What have we been sold, indeed, over the last few years? Acceptable releases delivered by women, praised at the same levels as masterpieces delivered by men. The update of Rolling Stones's best 500 albums ever, is a good example. Also, regularly, new female rappers are marketed as the next big thing, while they are just OK. I might be wrong but, apart from one or two semi-bangers, Ice Spice, Saweetie, Megan Thee Stallion, Flo Milli and Latto all fail to impress me. To a certain extent, I just have a little bit of esteem for Glorilla.
At the end of the day, such over-attention is counterproductive. It makes us more dubious, cynical, and distrustful. And eventually, we end up ignoring the one female rapper, who is worth it. This almost happened with Sexyy Red.
Seen from afar, indeed, she's no more than another iteration of the main template that came to define the rap game for women. She is just another wild one, who is here to excite boys while pretending she has power over them. And she has the look of the day, with her red – or blonde, or blue – colored hair. Her only unusual apparel is her pair of glasses.

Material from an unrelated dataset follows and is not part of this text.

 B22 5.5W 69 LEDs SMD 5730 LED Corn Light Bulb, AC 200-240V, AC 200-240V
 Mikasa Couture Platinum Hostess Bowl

Also, the sudden buzz around her is quite suspect. It looks very much like a new product launch, operated by the music industry. While Janae Wherry has been rapping for years, she appeared suddenly in early 2023 along an established producer, Tay Keith, on the "Pound Town" single. Since then, she was seen with superstars such as Drake and Travis Scott, she was praised by Cardi B and Post Malone, and she reinterpreted the aforementioned song with Nicki Minaj.

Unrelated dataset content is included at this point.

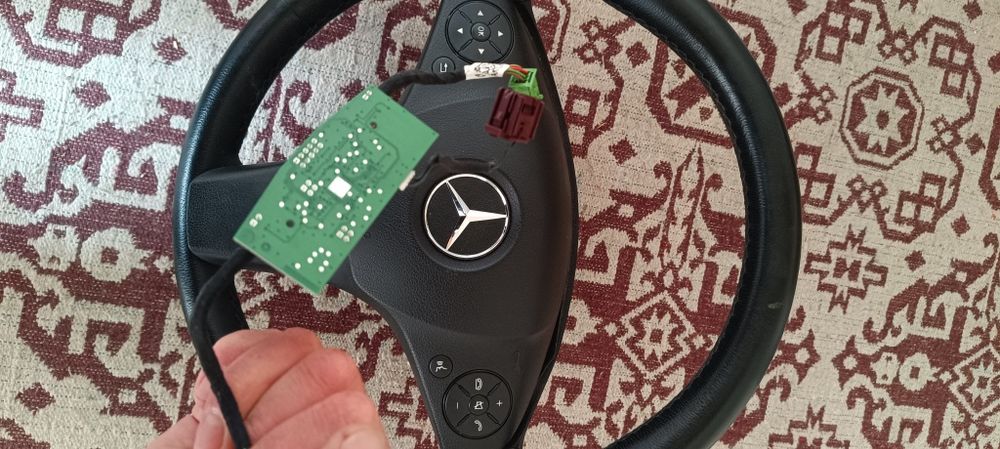 Волан за Mercedes C class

However, on the ultimate track of her second mixtape, Hood Hottest Princess, the young lady compares herself with Gucci Mane. And this immediately restores her credit.
As a matter of fact, with her raspy voice, Sexxy Redd delivers the same excessively funny and funnily excessive raps as her model's, on simple but catchy piano sounds that Zaytoven would not disavow. She has the same deadpan humor, based on outrageous braggadocios. Some of them are about her watches, others about her cars or gold chains, but most talk about sex, Sexyy Red pretending to submit men to her desires, exactly like her male counterparts do with women.
"Pound Town" is a perfect example of this, with its sophisticated lyrics ("my coochie pink, my booty hole brown"...). Same with "Hellcats SRTs", about making love in a car. And "Mad At Me", where she talks about her sexual exigences.
This is dirty rap at its best.
And when Sexyy Red doesn't sound like a female Guwop, she is influenced by Memphis, with beats from DJ Paul and Juicy J on "Sexyy Walk", and the contribution of the latter on "Strictly For The Strippers", a strip club anthem that reappropriates Three 6 Mafia's "Sippin' On Some Syrup".
This is all fresh, amusing, irreverent, liberating, and with a few bangers, like "SkeeYee", about a salutation typical of Sexyy Red's city, St Louis, or her duo with Sukihana, about girls that just wanna have fun. Whoever delivers it, a man, a woman, or both, rap music should always sound like this.